Yes. It was due 12/08 and I've been cramping since about 12/05.


----------



## josephine3

its so frustrating to be ignored when you're in pain!! grr!!


----------



## xautumno

I'm so annoyed. Still no AF. Still cramping off & on. To top it off I am getting Charlie horses in my right leg & I'm sooo gassy. (Also can't seem to...ahem...go to the bathroom for the last day & a half when I'm usually regular.). 

This is ridiculous.


----------



## Blessed2b

Oh gosh! how confusing I hope you get answers and your bfp soon.

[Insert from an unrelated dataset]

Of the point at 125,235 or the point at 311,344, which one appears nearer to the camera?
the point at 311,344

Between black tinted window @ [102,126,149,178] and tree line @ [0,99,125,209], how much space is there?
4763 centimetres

The cycle before my bfp I got a bfn and very light bleeding, I mean very light but I thought bleeding is af so I went about my merry ttc way. Then the cycle of my bfp nothing, no af but a big beautiful bfp so, have a few days of trying not to think about it and then maybe test again. Sorry I can't be of more help x


----------



## NickyNack

This just happened to my sil. We were both late for af and while I got a bfp and am now pregnant, she got nothing but bfn's...docs couldn't figure out what was wrong and she was left in limbo until 15th December when af finally arrived.....her blood test showed she was still ovulating throughout the 4 months she had no af, which was strange...


----------



## xautumno

NickyNack said:


> This just happened to my sil. We were both late for af and while I got a bfp and am now pregnant, she got nothing but bfn's...docs couldn't figure out what was wrong and she was left in limbo until 15th December when af finally arrived.....her blood test showed she was still ovulating throughout the 4 months she had no af, which was strange...

That's really crazy! I'm still playing the waiting game. Still getting BFN when I take a test. No obvious signs of AF but my OH has been wanting to DTD constantly for the last 2 days, which usually means AF is on her way. I may be out. :(


----------



## RandaBear159

My cousin didnt get a BFP until she was 5months! they did blood and urine test and the all kept saying negative. finally at 5 months she begged them to do a u/s and there was her baby... so anything is possible!


----------



## xautumno

RandaBear159 said:


> My cousin didnt get a BFP until she was 5months! they did blood and urine test and the all kept saying negative. finally at 5 months she begged them to do a u/s and there was her baby... so anything is possible!

This happened to a woman I know. I'm hoping I don't get AF at this point. It's not a planned pregnancy & certainly not the best timing, but at this point I might be disappointed. 

I'm hoping I can get an u/s earlier than 5 months, though!


----------



## josephine3

sorry to just ask but what are charley horses??! hope you are feeling better at least!


----------



## xautumno

They are really severe leg cramps. Not sure why they are called that. Usually you get them when you need potassium.


----------



## RandaBear159

Because it feels like you have been kicked in the leg bya horse!!! i hate those!!! Rubbing alcohol works, or eat some bananas!!


----------



## RandaBear159

She actually never got a bfp, just the u/s was positive...


----------



## xautumno

RandaBear159 said:


> She actually never got a bfp, just the u/s was positive...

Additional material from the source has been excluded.